» **WHAT TO DO**:
Check every line of the material for the word "with". Copy those that have it.

» **RECORDS TO USE**:
------

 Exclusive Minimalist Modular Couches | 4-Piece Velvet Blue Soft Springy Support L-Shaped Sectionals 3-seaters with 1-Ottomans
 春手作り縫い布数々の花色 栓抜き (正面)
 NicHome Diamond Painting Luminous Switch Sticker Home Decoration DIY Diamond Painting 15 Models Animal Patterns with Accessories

------

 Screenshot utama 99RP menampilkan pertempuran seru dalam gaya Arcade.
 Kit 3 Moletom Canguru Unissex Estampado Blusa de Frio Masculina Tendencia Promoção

------

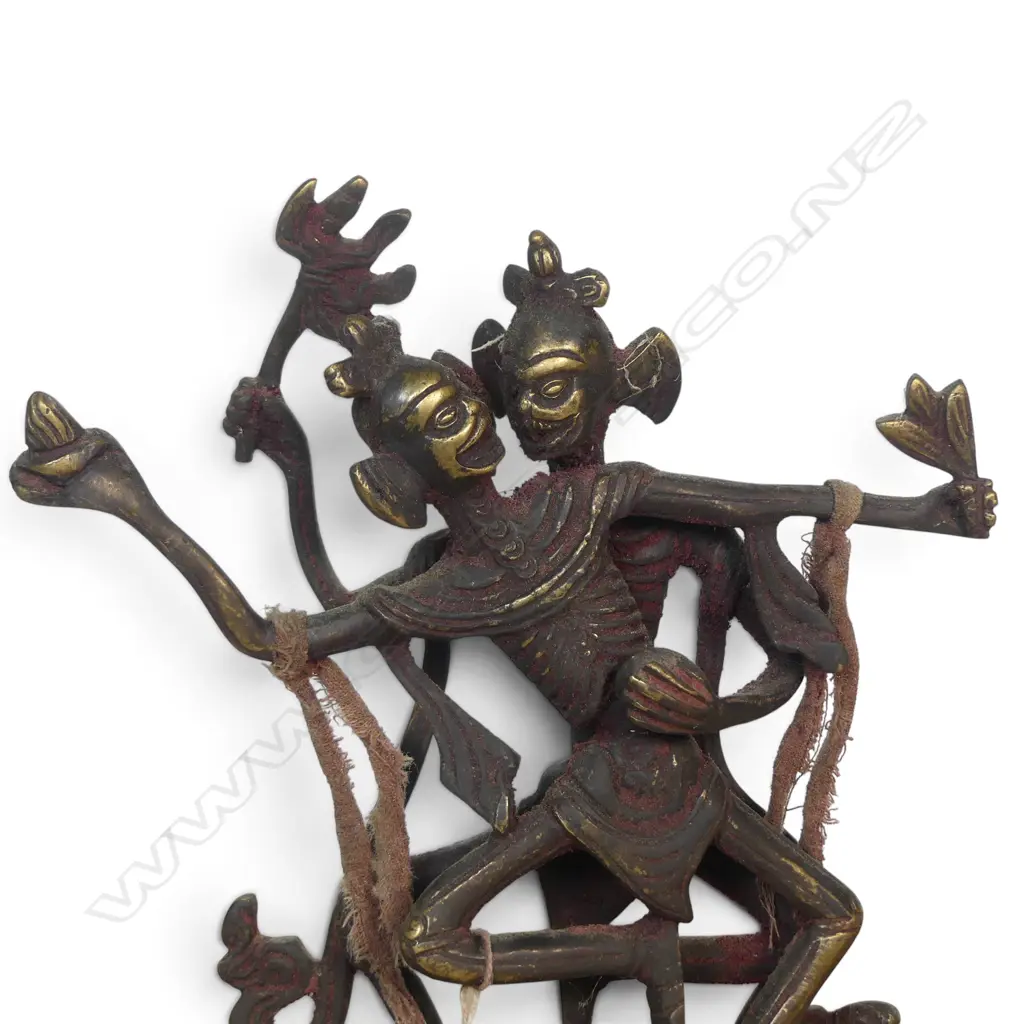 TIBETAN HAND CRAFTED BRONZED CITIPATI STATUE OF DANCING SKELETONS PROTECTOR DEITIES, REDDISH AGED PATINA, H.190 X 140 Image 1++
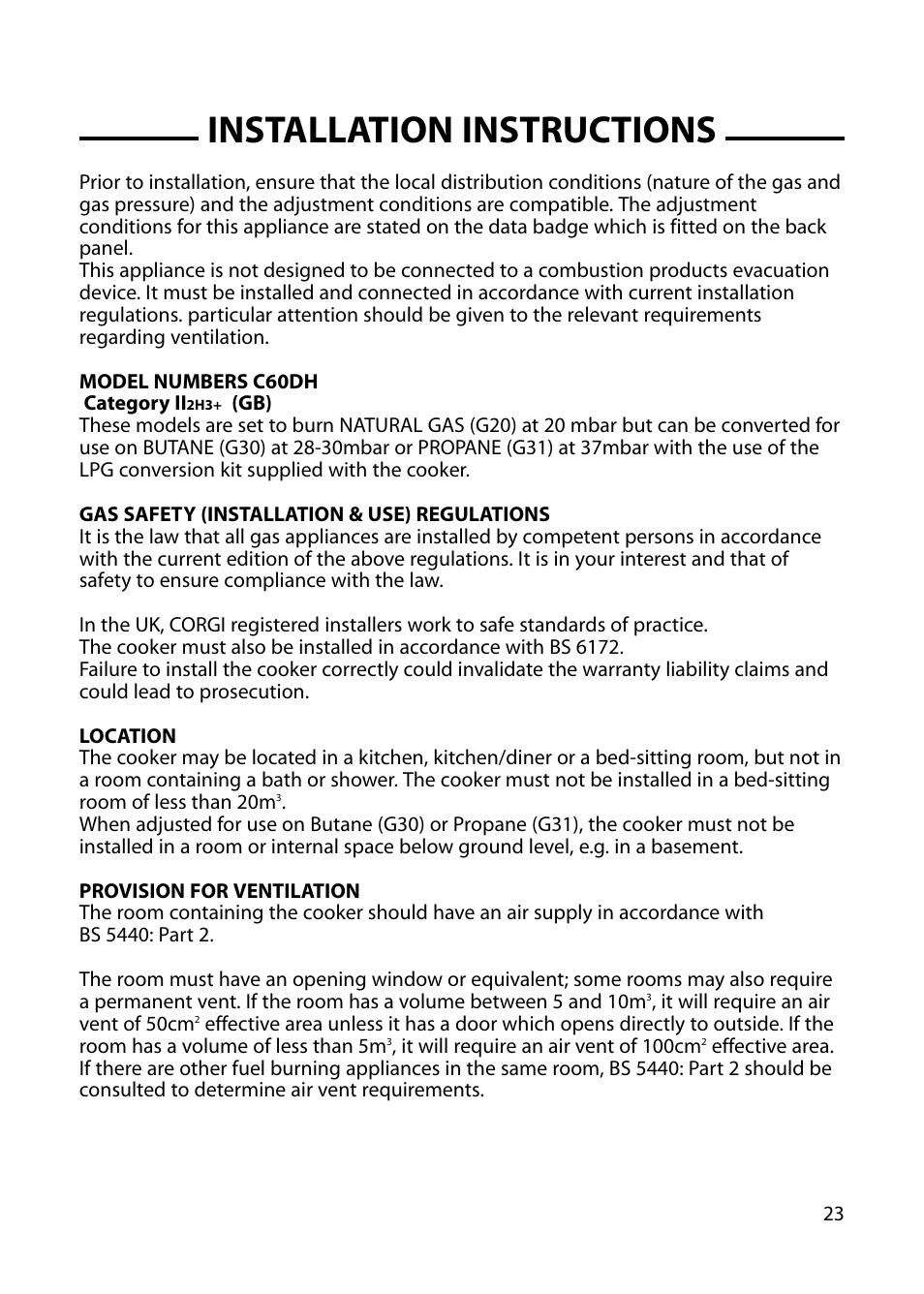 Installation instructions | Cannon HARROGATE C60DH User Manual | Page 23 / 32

------

» **TASK OUTPUT**:
 Exclusive Minimalist Modular Couches | 4-Piece Velvet Blue Soft Springy Support L-Shaped Sectionals 3-seaters with 1-Ottomans
 NicHome Diamond Painting Luminous Switch Sticker Home Decoration DIY Diamond Painting 15 Models Animal Patterns with Accessories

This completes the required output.